Партизаны торжествовали:

— Подбили!.. Сел!.. Приземлился!..

Сразу же запрягли лошадей и отправили группу во главе с Жидаевым к месту посадки самолета.

Самолет приземлился более или менее благополучно. Целый, немного накренившись набок, стоял он среди широкой лесной поляны. Летчиков, конечно, и след простыл. Но зато в кабине нашлись документы, которые они не успели или не посчитали нужным уничтожить. Эти документы партизаны взяли, а самолет решили сжечь.

— Поворачивай оглобли. Сейчас дров привезем возика два. Подложим. И…
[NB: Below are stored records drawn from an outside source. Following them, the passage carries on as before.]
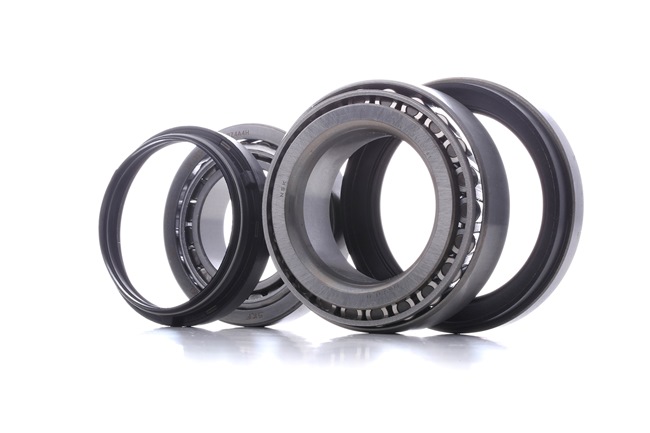 Acquista online SKF Kit cuscinetto ruota Art.: VKBA 3331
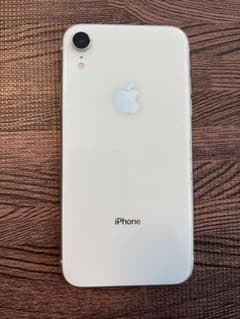iPhoneXR 64GB ホワイト - メルカリ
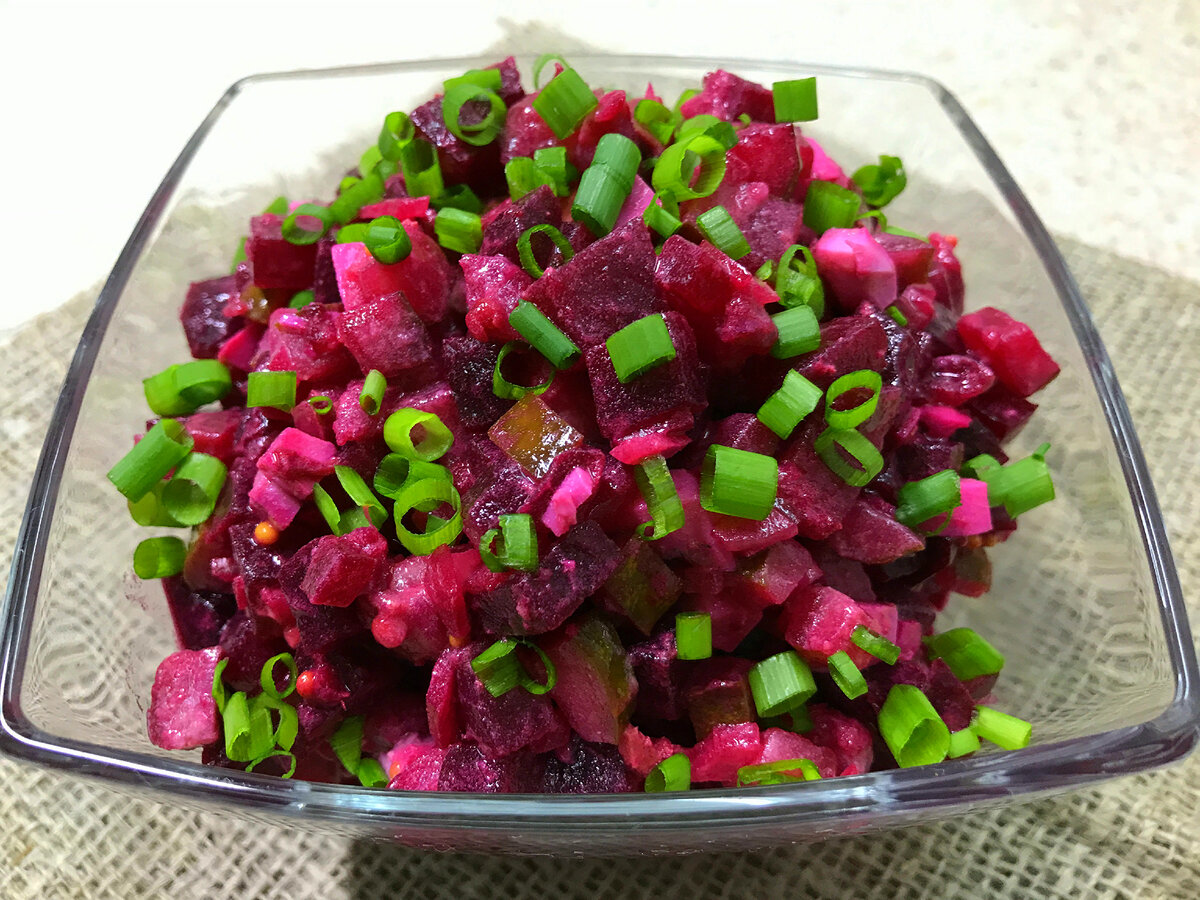 Секреты необычного салата с сельдью и свеклой, который удивит вас на празднике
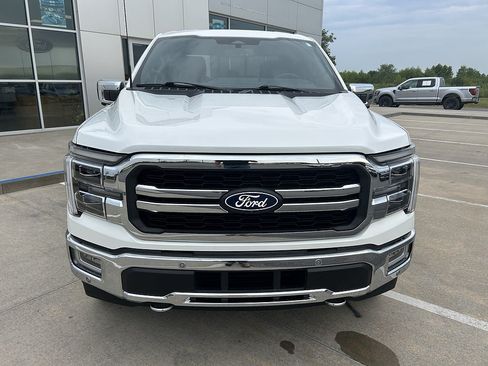 Used 2024 Ford F150 Lariat w/ Equipment Group 502A High AWD/4WD image 9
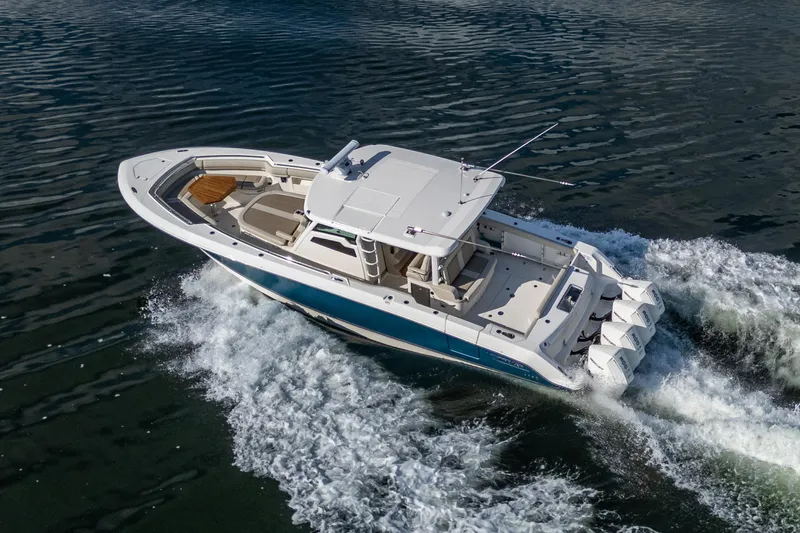 Slide: The Image of Boston Whaler 380 Outrage 2024 - 71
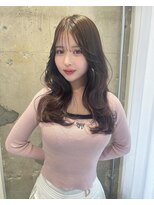 リリー(Lilley)&nbsp;くすみベージュ×姫カットレイヤー×韓国風巻き【ayana】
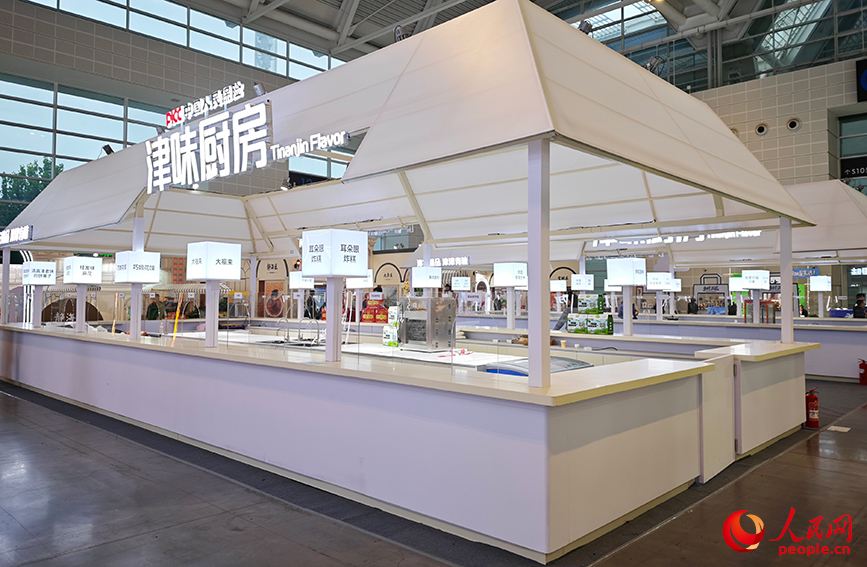 煎饼果子、锅巴菜、炸糕等天津美食将在津味厨房出炉。人民网记者 孙一凡摄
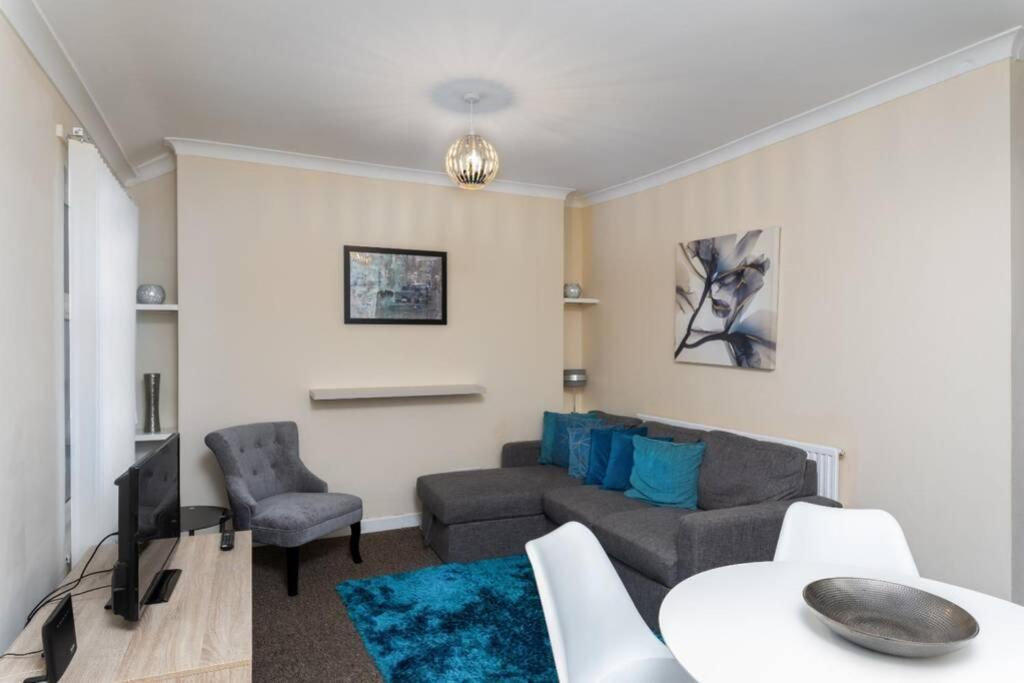 Sleeps 5, Smart Tv'S In Bedrooms Swansea Exterior photo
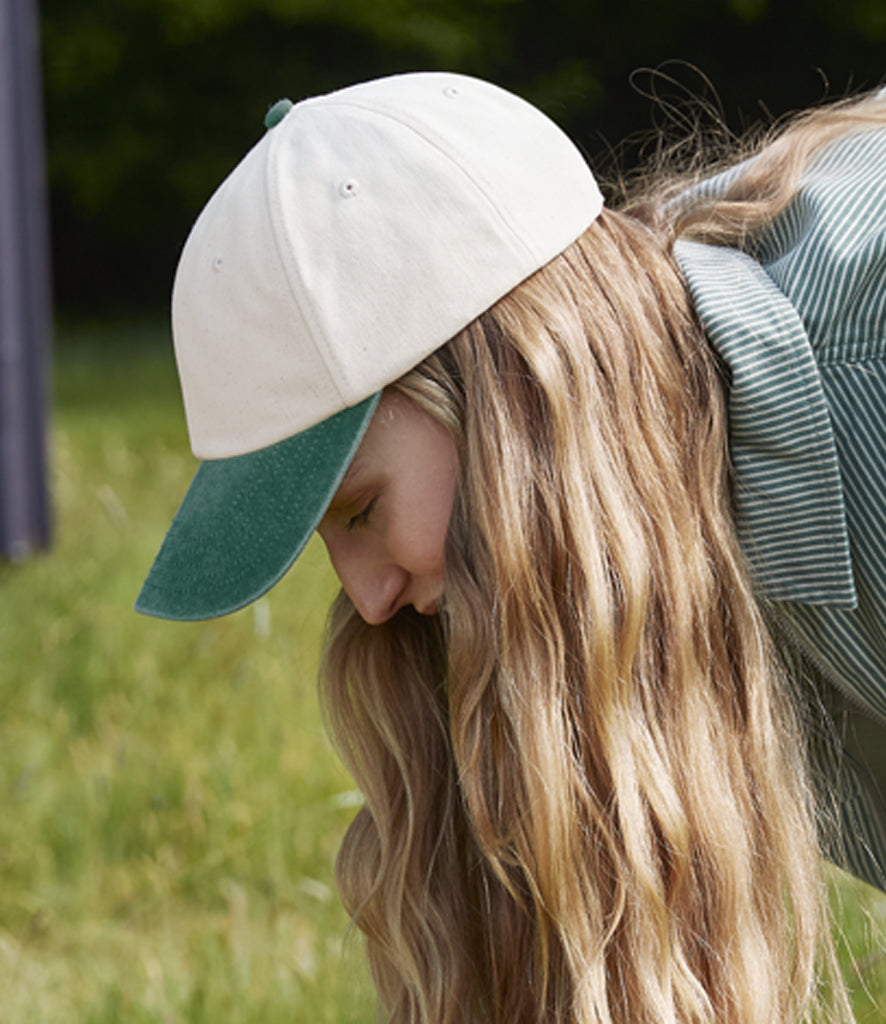 Beechfield Contrast Peak Low Profile Vintage Cap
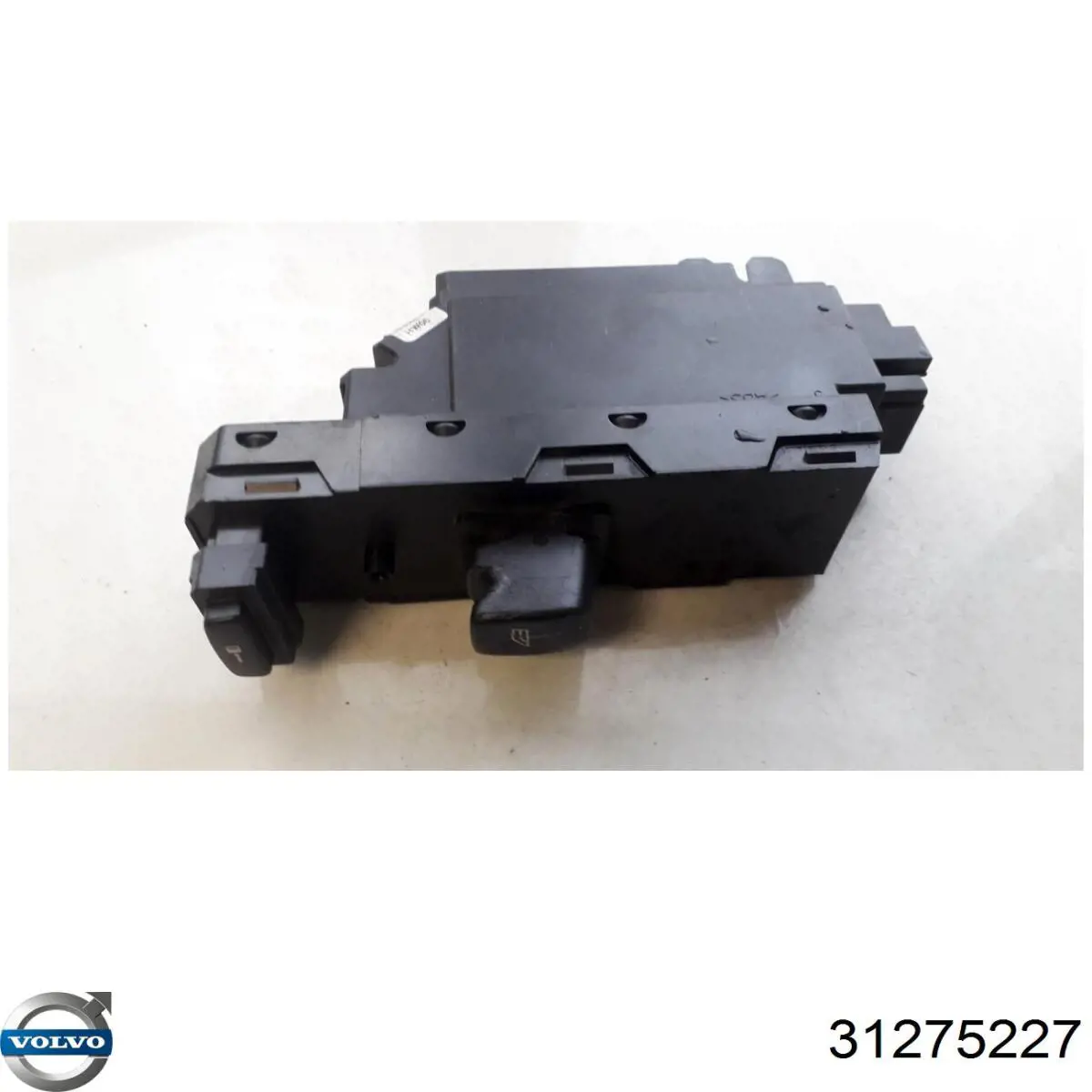 Кнопковий блок керування склопідіймачами передній правий Volvo 31275227 ціна, від 11.39 USD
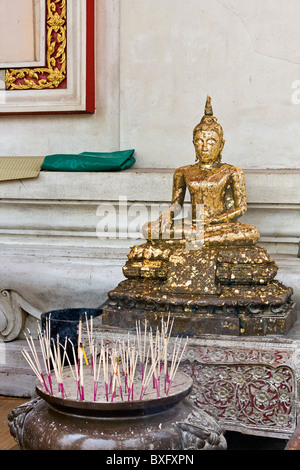 Buddhistische Gläubige Licht Weihrauch als Opfer für Buddha im Wat Phra Sri Sanpetch buddhistische Tempel, Teil von Ayutthaya komplexe Stockfoto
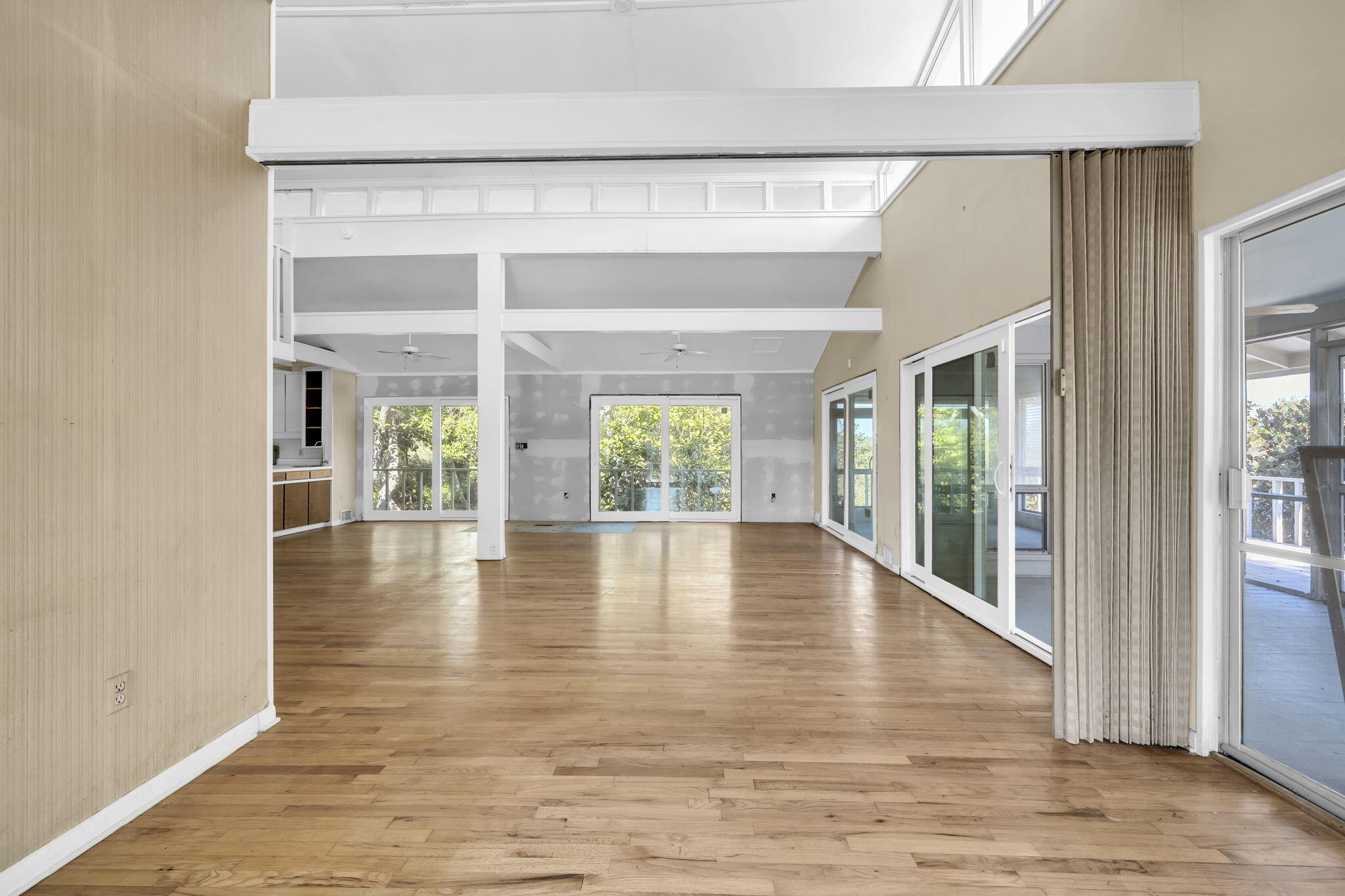 FOUR MILE VILLAGE - Residential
— Да он и так сгорит: ведь тут бензин.

— Нет уж, давай лучше с дровами. Кто его знает, много ли у него бензину осталось? Нам ведь не каждый день приходится самолеты жечь, так уж мы давай отпразднуем по-настоящему, чтобы и запаху от него не осталось.

Так и сделали: привезли дров, обложили ими самолет, выпустили бензин и устроили громадный костер…

По документам, найденным в кабине, мы установили, что-это был штабной самолет одного из крупных авиасоединений гитлеровского райха и что все это соединение в полном составе перебрасывается из Африки на берега Волги.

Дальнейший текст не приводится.